Казалось, он должен был в этот момент отпрянуть, но этого не произошло. Николас словно оцепенел; слегка наклонив голову, он прикрыл глаза, наслаждаясь прикосновениями мягких и нежных губ Рашель. Волна вожделения тут же пробежалась по его телу. Безрассудство. Помешательство. Умопомрачение. Он знал, что снова переступил запретную черту. Для него это было не впервые.
— Рашель... — наконец-то оторвавшись от поцелуя, молвил Макэлрой, пытаясь унять участившееся биение сердца. Казалось, минутная слабость миновала, постепенно сменяясь здравым рассудком. — Рашель, скажи мне только одно: ты приняла лекарство?
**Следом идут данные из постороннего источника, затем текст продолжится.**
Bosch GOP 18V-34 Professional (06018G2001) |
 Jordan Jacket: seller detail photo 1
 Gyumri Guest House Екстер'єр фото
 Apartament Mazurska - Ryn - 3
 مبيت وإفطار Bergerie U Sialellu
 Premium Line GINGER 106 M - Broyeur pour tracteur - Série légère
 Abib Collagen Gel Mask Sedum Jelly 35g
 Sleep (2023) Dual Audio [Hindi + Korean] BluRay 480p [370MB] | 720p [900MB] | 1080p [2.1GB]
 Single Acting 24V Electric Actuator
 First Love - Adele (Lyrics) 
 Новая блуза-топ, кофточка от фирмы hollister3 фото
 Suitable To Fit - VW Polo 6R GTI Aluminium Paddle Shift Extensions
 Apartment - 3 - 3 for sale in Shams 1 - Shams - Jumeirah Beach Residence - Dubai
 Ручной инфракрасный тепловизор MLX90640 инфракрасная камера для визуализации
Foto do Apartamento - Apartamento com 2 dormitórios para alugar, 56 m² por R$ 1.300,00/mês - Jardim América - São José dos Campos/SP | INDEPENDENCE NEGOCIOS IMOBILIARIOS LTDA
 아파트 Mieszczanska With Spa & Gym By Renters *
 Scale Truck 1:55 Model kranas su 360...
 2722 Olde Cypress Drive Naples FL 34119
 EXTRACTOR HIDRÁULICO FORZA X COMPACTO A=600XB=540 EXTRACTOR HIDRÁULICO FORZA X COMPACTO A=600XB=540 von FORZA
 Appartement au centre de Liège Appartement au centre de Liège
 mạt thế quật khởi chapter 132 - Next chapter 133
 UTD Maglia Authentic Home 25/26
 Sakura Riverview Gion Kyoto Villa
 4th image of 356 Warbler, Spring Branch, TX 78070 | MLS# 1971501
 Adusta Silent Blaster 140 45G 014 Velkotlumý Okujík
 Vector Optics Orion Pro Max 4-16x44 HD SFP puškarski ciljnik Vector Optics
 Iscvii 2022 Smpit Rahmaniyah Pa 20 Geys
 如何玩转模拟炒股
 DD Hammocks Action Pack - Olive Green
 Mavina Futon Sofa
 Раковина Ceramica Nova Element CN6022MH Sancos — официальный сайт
— Мисс Коннорс сказала, что я должна выпить его, чтобы выздороветь! Но я не стала его пить, потому что я не больная! Не больная!
— Тише, Рашель, тише, — сдержанно произнёс Макэлрой, поспешив убрать руки с её талии. — Я знаю, что ты не больная. Но ты обязана его выпить, если действительно хочешь, чтобы мистер Гарленд взял тебя в жёны. Это только ради твоего блага.
Рашель, что-то невнятно пробормотав себе под нос, наконец-то согласно кивнула, приняв с рук Николаса небольшой хрустальный флакон с прозрачной жидкостью. Опрокинув его содержимое себе в рот, девушка поморщилась.
— Как неприятно... — возмутилась она, вытирая губы тыльной стороной ладони.
— Я знаю, милая, но нам пора идти. Нас ждут в зале, — по губам Николаса скользнула нежная улыбка и сразу же исчезла, растворившись в маске напускного бесстрастия.